The collection of abilities offers ways to “break” the previous “Saints Row” experiences, and unless it’s required by a mission, you’ll rarely find yourself driving a car or any of the other vehicles in the game. Traversal is now handled by massive, upgradeable leaps and gliding, and when you’re not mixing it up with the terrestrial and alien arsenals, you’ll be freezing foes or flinging them around using telekinesis.
I wasn’t fond of the garish-but-still-vague Steelport in “Saints Row the Third,” but Volition has made the city of the simulation one worth visiting. The world glitches and pixelates as your explore it, while monstrous, malformed character models make up some of the targets you’ll have to hunt down in diversions.
And the diversions: this is where “Saints Row IV” starts to feel a little underbaked. That 20 hour play time is padded out significantly by main missions that have the feel of side missions, requiring you to play some of the slightly longer than minigame missions in order to progress through the relatively brief story. Side missions are a mix of loyalty tasks that break this mold and even more diversions (hacking shops and opening up parts of the city, foot races, all under the guise of further breaking Zinyak’s simulation), but after the third time playing one of the arena combat missions, I’d had enough. Virtual Steelport also offers hundred of collectibles including character upgrading nodes and Zinyak statues strewn throughout the city. Good look finding them all.
As for the combat itself: again, Volition has created an impressive array of abilities, but some encounters are a battle with the camera and controls of “Saints Row IV.” In particular, the Warden bosses move a little faster than you’ll actually be able to orient your targeting reticule (which curiously goes away when you’re in flight), and a controller setup might not be the optimal way to play the game.

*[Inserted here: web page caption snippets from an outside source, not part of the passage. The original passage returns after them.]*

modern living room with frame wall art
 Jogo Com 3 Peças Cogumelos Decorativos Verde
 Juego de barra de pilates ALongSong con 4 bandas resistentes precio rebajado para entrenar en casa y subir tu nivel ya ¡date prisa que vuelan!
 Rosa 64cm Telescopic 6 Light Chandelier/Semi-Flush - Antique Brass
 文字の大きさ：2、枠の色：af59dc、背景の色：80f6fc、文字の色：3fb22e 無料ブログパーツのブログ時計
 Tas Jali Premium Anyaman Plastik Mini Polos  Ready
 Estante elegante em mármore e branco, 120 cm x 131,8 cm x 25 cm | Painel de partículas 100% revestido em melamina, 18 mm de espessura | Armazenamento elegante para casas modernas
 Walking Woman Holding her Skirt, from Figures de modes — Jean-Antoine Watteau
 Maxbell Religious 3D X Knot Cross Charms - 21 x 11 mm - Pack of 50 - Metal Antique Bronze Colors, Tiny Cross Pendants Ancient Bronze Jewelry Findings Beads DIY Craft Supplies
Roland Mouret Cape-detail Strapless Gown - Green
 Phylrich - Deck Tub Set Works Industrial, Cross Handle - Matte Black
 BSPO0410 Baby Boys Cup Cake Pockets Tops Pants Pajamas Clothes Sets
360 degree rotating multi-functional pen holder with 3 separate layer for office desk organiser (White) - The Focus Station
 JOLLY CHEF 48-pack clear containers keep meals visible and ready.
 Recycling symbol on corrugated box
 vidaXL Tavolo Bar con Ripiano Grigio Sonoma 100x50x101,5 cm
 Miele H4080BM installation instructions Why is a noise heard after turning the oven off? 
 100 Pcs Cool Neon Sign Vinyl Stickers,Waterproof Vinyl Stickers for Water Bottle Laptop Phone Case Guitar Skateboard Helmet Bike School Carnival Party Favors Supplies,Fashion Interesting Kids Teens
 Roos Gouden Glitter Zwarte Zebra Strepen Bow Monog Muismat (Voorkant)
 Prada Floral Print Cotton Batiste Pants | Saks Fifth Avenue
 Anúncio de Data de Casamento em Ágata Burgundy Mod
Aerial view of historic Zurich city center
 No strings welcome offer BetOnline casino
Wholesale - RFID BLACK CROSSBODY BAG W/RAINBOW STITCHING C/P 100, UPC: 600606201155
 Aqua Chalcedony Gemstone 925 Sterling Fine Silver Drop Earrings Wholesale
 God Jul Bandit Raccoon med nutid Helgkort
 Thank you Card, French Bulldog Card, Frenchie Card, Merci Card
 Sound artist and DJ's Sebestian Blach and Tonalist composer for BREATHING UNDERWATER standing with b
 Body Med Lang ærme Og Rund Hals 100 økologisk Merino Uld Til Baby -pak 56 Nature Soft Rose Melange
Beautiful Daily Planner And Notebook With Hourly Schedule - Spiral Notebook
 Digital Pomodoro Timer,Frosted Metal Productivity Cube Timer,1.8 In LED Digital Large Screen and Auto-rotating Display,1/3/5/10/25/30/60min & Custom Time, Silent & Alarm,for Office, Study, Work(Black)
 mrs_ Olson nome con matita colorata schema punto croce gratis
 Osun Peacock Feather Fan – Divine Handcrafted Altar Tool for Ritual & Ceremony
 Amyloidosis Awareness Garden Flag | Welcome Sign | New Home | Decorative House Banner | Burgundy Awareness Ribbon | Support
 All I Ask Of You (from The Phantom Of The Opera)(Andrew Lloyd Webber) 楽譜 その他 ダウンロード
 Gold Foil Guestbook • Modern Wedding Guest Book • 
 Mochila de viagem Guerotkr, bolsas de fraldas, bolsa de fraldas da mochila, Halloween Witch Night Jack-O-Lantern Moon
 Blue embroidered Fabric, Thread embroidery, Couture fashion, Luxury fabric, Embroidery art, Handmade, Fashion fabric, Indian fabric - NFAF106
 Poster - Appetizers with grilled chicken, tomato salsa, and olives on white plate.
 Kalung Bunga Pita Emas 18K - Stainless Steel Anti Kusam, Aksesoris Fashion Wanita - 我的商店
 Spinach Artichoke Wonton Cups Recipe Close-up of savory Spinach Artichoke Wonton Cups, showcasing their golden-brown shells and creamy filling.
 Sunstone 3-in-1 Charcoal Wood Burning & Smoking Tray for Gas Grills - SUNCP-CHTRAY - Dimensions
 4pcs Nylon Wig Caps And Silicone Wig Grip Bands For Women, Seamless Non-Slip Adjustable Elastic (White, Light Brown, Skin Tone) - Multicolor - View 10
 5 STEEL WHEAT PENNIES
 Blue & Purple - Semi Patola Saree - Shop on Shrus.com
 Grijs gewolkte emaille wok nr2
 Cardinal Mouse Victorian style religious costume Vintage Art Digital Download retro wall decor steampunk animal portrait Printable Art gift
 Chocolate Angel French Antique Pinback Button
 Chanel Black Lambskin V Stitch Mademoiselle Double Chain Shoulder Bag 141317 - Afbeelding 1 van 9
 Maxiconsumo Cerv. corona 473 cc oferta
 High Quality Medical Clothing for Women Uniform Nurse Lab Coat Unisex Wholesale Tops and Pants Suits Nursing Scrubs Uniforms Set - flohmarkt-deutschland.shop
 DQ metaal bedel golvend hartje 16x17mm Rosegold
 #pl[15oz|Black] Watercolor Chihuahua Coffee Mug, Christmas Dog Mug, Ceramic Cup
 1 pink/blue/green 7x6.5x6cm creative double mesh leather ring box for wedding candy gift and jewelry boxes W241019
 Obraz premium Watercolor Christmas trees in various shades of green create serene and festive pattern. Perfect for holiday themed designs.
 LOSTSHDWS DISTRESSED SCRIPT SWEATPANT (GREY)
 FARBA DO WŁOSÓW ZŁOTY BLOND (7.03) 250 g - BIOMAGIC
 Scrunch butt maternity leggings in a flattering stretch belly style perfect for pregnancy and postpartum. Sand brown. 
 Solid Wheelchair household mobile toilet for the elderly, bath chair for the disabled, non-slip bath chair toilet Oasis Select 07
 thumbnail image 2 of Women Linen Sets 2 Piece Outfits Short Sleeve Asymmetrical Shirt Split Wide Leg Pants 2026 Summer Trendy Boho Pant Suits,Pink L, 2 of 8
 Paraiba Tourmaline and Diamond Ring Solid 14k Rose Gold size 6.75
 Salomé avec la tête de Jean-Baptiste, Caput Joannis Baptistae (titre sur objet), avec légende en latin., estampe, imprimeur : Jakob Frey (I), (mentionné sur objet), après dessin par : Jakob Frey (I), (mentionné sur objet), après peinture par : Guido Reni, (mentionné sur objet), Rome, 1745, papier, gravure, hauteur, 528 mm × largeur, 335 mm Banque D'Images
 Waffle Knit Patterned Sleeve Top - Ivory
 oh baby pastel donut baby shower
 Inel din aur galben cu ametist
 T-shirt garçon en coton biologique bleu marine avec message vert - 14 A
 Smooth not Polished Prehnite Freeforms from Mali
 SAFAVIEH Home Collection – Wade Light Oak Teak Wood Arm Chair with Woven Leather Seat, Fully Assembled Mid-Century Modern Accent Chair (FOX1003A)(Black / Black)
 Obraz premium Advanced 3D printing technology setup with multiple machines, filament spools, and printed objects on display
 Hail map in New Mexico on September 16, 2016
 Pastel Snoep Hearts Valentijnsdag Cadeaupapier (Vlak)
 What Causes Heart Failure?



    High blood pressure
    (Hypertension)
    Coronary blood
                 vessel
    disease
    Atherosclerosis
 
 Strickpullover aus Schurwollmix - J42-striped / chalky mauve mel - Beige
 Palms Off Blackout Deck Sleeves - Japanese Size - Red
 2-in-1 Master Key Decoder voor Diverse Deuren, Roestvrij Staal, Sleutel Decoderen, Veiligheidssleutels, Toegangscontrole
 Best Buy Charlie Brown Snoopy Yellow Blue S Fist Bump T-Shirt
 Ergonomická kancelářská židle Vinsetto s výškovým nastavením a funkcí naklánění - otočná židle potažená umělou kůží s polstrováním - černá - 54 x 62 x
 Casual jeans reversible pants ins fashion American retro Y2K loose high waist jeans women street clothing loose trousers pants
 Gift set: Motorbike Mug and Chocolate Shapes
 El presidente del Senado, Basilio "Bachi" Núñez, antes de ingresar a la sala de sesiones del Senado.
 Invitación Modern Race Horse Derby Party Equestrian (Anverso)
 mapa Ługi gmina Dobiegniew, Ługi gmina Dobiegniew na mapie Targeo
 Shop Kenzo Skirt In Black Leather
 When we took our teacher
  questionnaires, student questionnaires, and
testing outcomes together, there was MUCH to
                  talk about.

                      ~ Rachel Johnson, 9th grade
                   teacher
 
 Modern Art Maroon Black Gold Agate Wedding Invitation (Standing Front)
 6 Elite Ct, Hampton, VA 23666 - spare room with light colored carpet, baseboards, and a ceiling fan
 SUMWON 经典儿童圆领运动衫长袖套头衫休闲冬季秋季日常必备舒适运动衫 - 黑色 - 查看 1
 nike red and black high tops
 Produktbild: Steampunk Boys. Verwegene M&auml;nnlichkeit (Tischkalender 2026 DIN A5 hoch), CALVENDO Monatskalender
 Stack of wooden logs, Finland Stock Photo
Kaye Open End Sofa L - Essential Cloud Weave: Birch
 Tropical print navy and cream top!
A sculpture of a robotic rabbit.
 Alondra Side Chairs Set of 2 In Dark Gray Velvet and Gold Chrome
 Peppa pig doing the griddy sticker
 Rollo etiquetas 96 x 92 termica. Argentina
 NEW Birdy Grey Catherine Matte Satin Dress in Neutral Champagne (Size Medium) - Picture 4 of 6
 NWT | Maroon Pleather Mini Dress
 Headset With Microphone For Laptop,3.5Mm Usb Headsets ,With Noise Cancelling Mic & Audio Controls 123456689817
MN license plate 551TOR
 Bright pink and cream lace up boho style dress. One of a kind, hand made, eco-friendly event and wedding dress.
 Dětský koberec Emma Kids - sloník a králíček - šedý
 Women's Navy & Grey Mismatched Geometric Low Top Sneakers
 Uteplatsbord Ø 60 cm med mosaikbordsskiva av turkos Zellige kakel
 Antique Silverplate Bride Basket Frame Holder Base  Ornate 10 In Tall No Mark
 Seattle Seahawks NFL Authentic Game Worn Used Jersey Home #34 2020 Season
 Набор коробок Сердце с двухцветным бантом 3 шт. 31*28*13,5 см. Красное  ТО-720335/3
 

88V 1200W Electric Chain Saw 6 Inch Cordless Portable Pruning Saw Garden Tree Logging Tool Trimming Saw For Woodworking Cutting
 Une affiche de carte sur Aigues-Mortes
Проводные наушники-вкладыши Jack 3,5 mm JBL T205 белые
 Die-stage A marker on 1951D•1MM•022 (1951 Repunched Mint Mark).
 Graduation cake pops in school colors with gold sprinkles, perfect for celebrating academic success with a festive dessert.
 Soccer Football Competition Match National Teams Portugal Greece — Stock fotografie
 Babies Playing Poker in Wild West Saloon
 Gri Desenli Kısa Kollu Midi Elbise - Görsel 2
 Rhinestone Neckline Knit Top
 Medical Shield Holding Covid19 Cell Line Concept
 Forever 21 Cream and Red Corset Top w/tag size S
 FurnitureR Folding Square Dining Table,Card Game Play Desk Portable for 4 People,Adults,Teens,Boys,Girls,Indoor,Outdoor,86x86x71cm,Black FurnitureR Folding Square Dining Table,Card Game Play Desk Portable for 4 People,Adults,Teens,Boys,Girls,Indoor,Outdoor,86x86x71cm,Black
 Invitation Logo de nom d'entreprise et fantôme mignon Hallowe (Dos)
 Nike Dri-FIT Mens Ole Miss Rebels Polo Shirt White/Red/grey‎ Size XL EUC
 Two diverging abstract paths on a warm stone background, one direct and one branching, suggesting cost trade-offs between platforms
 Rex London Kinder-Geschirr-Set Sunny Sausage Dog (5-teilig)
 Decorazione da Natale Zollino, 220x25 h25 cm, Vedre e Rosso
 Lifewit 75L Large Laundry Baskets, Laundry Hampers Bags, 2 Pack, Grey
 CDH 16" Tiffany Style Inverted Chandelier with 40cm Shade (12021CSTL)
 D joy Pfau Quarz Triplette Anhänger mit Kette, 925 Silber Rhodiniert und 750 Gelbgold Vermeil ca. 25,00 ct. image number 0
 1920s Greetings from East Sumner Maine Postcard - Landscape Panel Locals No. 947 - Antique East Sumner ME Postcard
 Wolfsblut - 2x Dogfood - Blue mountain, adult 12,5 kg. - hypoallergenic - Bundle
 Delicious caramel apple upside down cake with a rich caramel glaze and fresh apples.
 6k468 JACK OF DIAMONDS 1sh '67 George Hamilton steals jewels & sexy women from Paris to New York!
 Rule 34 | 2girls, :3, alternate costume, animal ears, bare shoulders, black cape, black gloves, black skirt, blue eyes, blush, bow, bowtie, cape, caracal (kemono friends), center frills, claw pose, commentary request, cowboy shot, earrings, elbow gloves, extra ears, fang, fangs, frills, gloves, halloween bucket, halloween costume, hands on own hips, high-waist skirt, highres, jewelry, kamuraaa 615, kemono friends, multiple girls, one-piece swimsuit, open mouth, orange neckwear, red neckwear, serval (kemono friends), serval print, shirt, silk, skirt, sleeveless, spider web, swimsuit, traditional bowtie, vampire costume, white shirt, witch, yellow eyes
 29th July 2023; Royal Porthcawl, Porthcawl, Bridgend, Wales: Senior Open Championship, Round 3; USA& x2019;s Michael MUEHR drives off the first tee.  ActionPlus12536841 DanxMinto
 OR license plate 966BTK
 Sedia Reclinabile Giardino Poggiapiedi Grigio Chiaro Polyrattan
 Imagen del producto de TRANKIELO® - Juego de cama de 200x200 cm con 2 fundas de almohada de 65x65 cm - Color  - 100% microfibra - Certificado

Some technical issues also mar the overall experience on the Xbox 360, including inconsistent framerate, character audio and VO which occasionally drops out, and one crash which resulted in my having to restart the final mission. Outside of that particular bug, the overall experience was stable on the 360, just a suboptimal. As of this writing, Volition and publisher Deep Silver have released a Day One patch which may mitigate some of these issues.
Whichever version of the game you play, “Saints Row IV” offers an endless barrage of charm and goofy humor celebrating the franchise and outdoes some open world superhero games like “Prototype” in the scale of your character’s abilities. Even if it’s kind of painted the series into a corner should another installment come around, it’s a big, bold experiment with the franchise.
Score: 8 out of 10
“Saints Row IV” is available now for the Xbox 360, PS3, and PC.